Last October, during the final debate of the presidential campaign, the opposition candidate, Geraldo Alckmin, called the plan “irresponsible,” accused Mr. da Silva of wanting to “privatize the Amazon” and added, “If today there is no supervision, imagine what will happen if you hand it over to the private sector.”

Though the environmental movement was one of the founding constituencies of Mr. da Silva’s Workers’ Party, he made it clear after being re-elected to another four year term that his main goal was to get the Brazilian economy growing at 5 percent a year.

In November, he complained of “all the obstacles I have with the environment” and with “the Indian question,” which he said were hindering Brazil’s development.

But the proposal’s supporters dismiss criticisms as unfounded. Jorge Viana, who is a member of Mr. da Silva’s party and was governor of the Amazon state of Acre until Jan. 1, contends that “this is one of the most important initiatives that Brazil has ever adopted in the Amazon precisely because you are bringing the forest under state control, not privatizing it.”

“This is a battle Brazil has to win,” he added. “There’s only one way to save the forest, and that is by using it, responsibly and rationally.”

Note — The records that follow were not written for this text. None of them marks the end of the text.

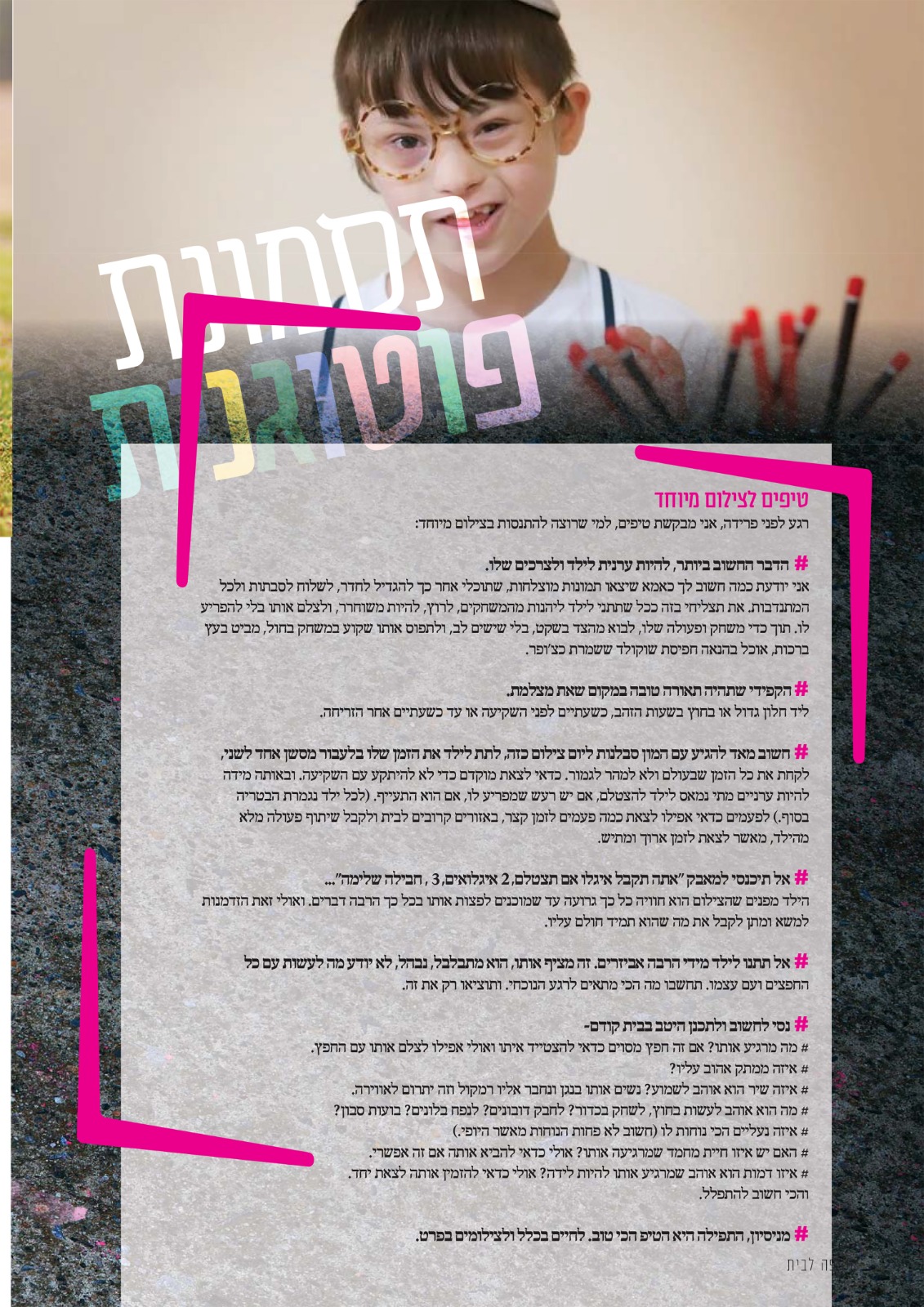 WhatsApp Image 2021-12-09 at 18.05.18 (6).jpeg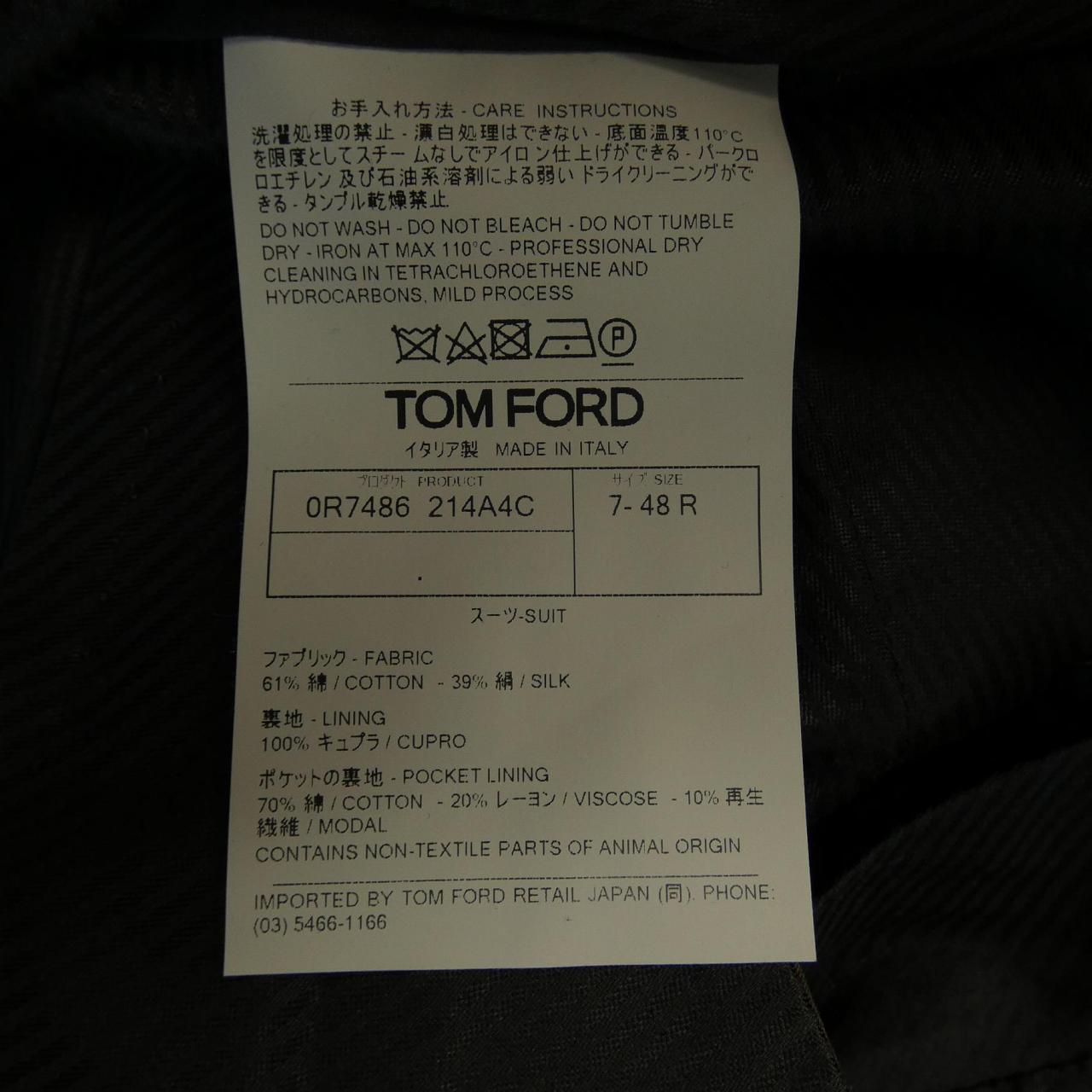 コメ兵｜トムフォード TOM FORD スーツ｜トムフォード｜メンズ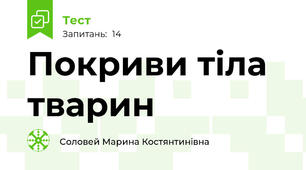 Покриви тіла тварин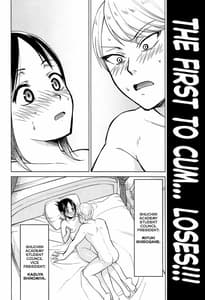 Page 3: 002.jpg | かぐや様は射精させたい | View Page!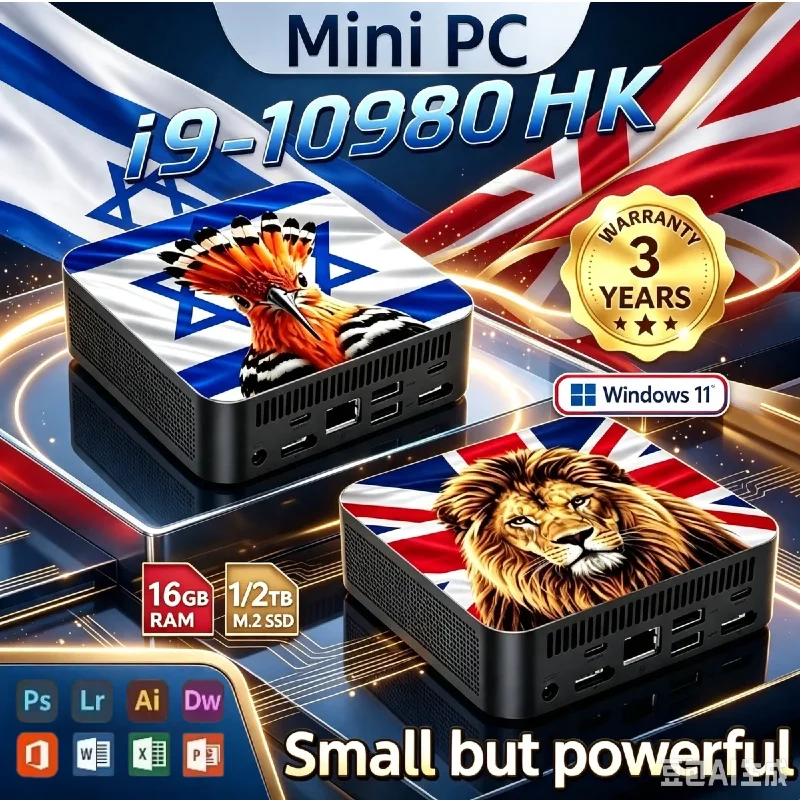 Pc Gaming Portable - High‑Performance Portable Gaming Mini PC Intel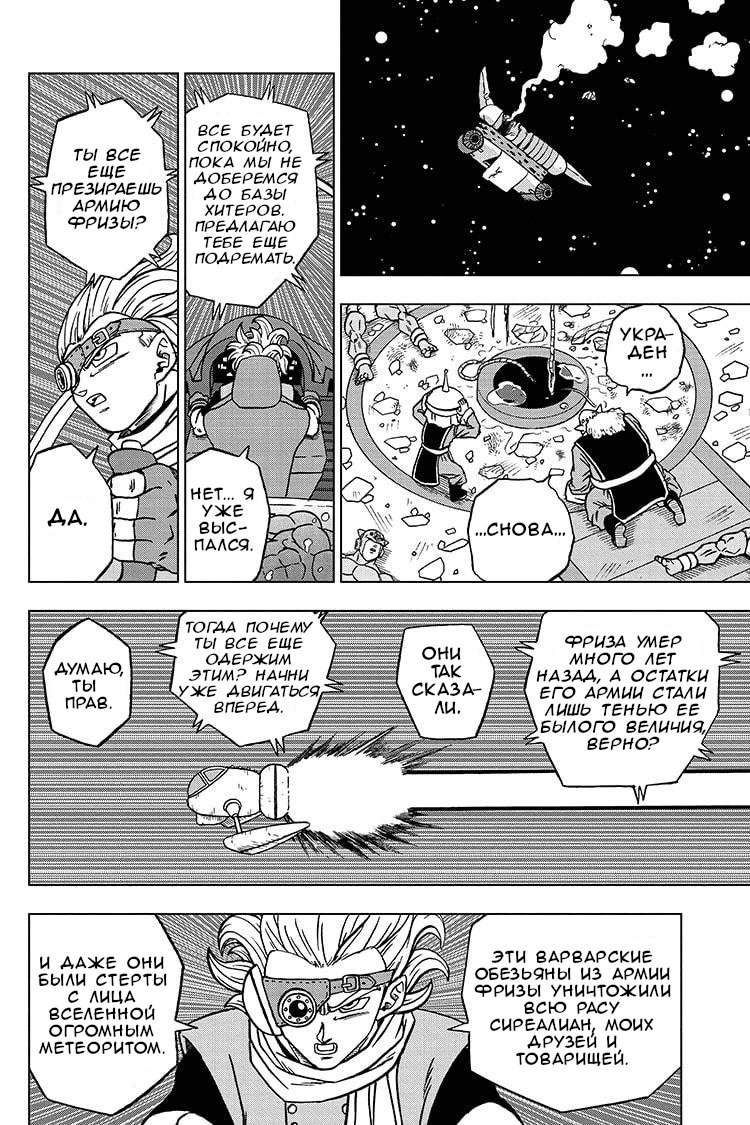 Read Dragon Ball Super RU Manga Online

Claudio Langone, executive secretary of the Environment Ministry, said in a telephone interview from Brasília: “Brazil today is losing money due to the illegal exploitation of timber. With this new dynamic of management, legal deforestation and sustainable development, we want to create barriers to predatory advancement and increase the value of the forest.”

But some here fear that increased value will bring with it the kind of violence that has struck other more-developed areas of the Amazon.

Ivonete Aparecida Paes, a Roman Catholic nun who is the coordinator of the church’s Justice and Peace Commission in this area, said, “Since none of the settlers already here have titles to their tracts, that creates the possibility of greater conflicts over land ownership.”

After much debate, it was decided that the leases would run for 30 years. But Paulo Adario, director of Greenpeace’s Amazon campaign, said that “some species need 45 years or more to regenerate,” and that loggers might thus lack an economic incentive to care properly for a tract that would no longer be theirs when the trees they replaced reached harvestable size.

Already, there are signs of logging interests establishing themselves here. A sawmill opened just down the highway in mid-2005 and was operating at full capacity during a recent visit. Along the highway itself, there is now a clearing in which logs are piled haphazardly, like giant sticks.

“No one has the authorization to cut so much wood, even with a forest management plan,” said Leila Mattos, the director of Pacto Amazônico, an environmental group based in Humaitá, the closest town of any size. “I came by here at the beginning of November, and none of this was here. This is more than a year’s worth of timber.”

In addition, peasant settlers unable to obtain land of their own in Rondonia, a state south of here, have also begun moving up the highway and flocking to the area. Theirs is a pre-emptive action, aimed at establishing themselves on land that may go to logging companies later and thus forcing the government to give them other homesteads in return.

During an interview in Humaitá, Francisco Araujo, the director of the regional office of the governmental environmental agency, said that no matter who ended up in charge of supervising the timber extraction plan, the task would be hard. He complained of a shortage of gasoline and personnel and a lack of police protection for his agents.

“In reality, these conservation areas were created without very precise field studies,” Mr. Araujo said. “Only now are the technicians looking at the problems in the area. The infrastructure is very precarious. There is no equipment or physical base from which to operate, just a shack in which to stay, without a telephone.”

In the absence of the needed resources, he said, government policy envisions “a new partnership with society.” But those who work most closely with the peasant settlers who are being asked to bear that burden remain skeptical.

“To think that they can monitor violations in the absence of the state is a dream,” Sister Paes said. “The Amazon has no tradition of the poor standing up to the powerful. People simply don’t know how to do that.”